§ **Input for this task**
————

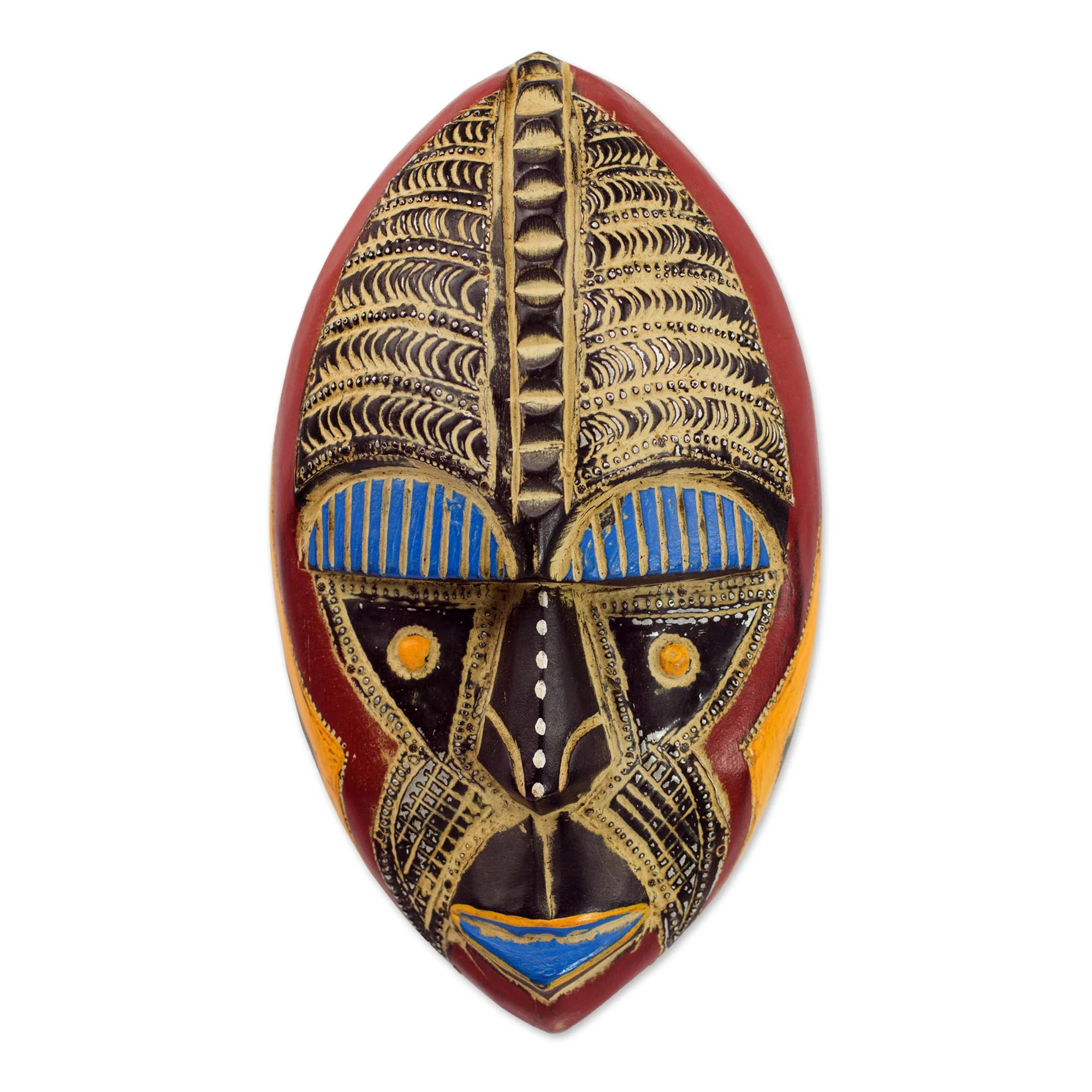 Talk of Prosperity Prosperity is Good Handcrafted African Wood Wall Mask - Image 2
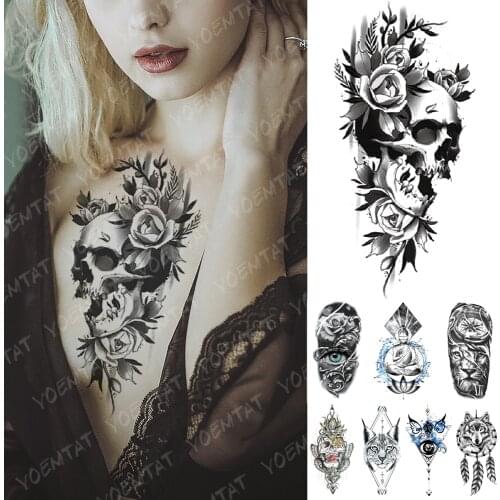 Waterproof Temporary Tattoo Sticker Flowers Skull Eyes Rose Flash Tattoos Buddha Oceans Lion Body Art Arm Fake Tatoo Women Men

————

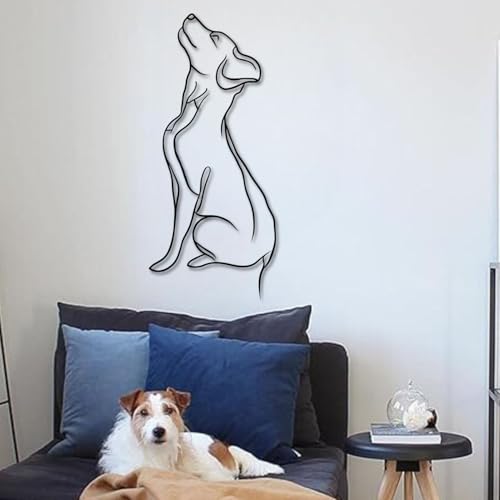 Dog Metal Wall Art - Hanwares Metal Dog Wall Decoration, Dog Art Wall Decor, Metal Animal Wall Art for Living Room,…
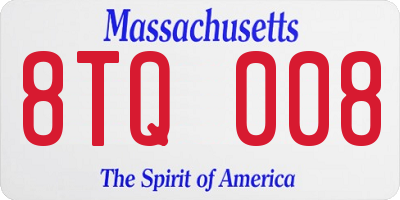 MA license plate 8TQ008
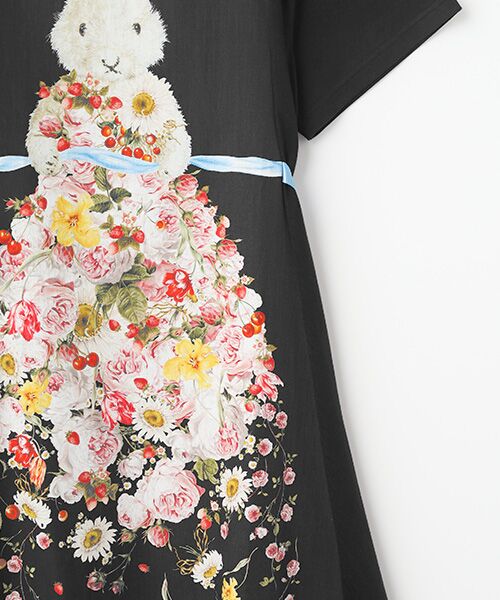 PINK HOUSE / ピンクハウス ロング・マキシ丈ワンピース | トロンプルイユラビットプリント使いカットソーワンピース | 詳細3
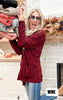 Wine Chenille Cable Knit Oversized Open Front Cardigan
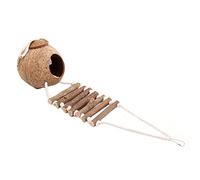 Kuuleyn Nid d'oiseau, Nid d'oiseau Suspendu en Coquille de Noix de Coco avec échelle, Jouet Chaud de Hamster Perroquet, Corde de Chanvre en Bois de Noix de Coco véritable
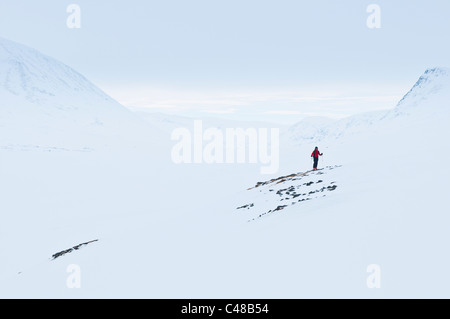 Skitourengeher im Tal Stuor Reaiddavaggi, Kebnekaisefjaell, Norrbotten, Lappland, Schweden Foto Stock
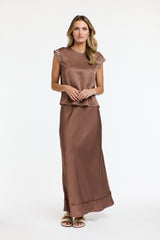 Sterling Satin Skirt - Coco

————

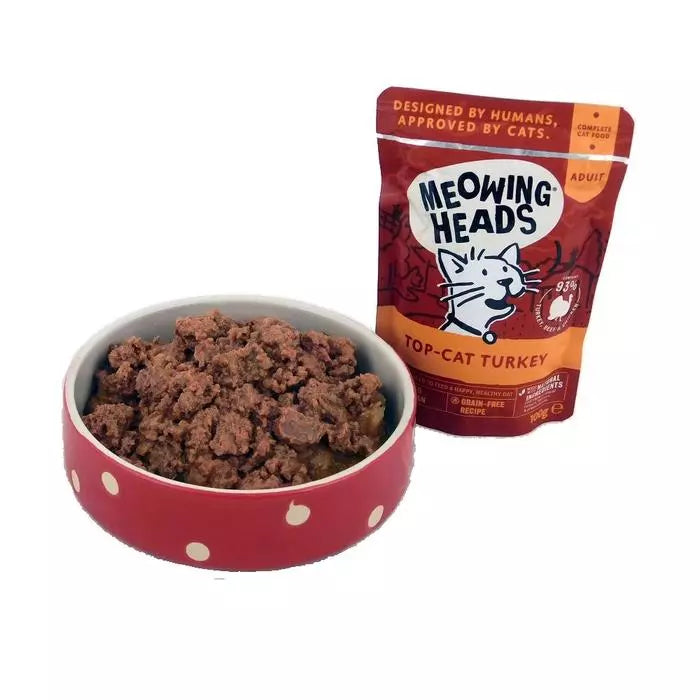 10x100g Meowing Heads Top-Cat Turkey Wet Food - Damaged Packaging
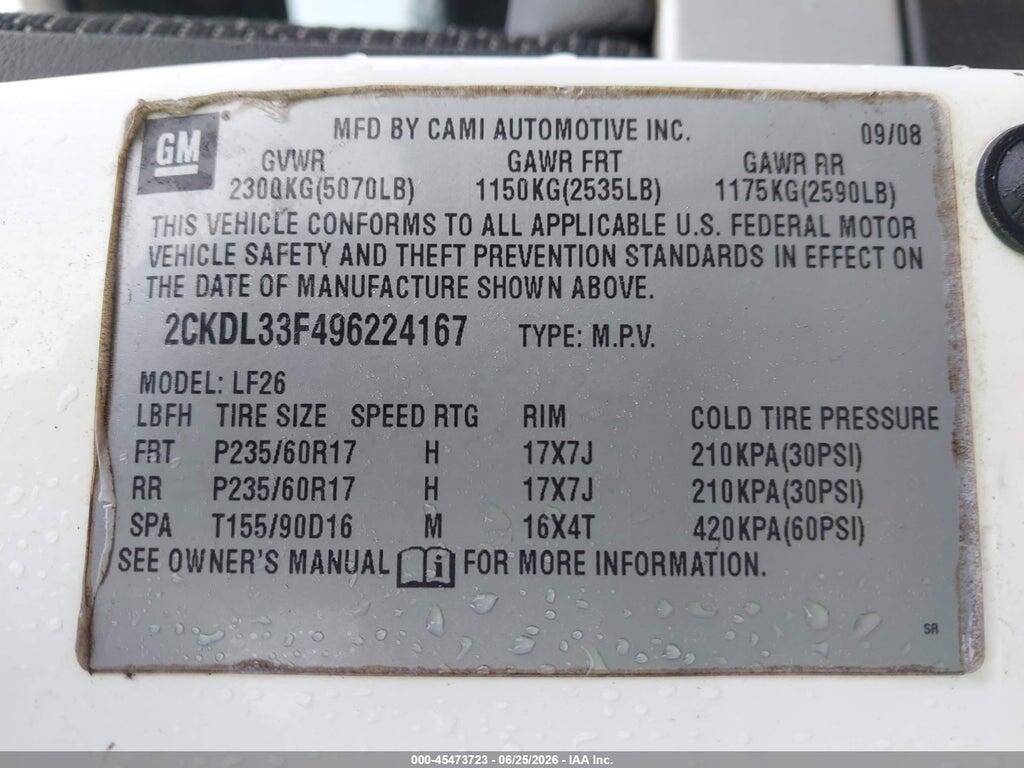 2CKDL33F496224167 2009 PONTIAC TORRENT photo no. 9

————

§ **Task statement**
Only one stretch of the entries above is needed: the lines from the one containing "Kuuleyn Nid d'oiseau, Nid" through the one containing "Sterling Satin Skirt - Coco". Copy it exactly, without the pictures.

§ **Written solution**
 Kuuleyn Nid d'oiseau, Nid d'oiseau Suspendu en Coquille de Noix de Coco avec échelle, Jouet Chaud de Hamster Perroquet, Corde de Chanvre en Bois de Noix de Coco véritable
 Skitourengeher im Tal Stuor Reaiddavaggi, Kebnekaisefjaell, Norrbotten, Lappland, Schweden Foto Stock
 Sterling Satin Skirt - Coco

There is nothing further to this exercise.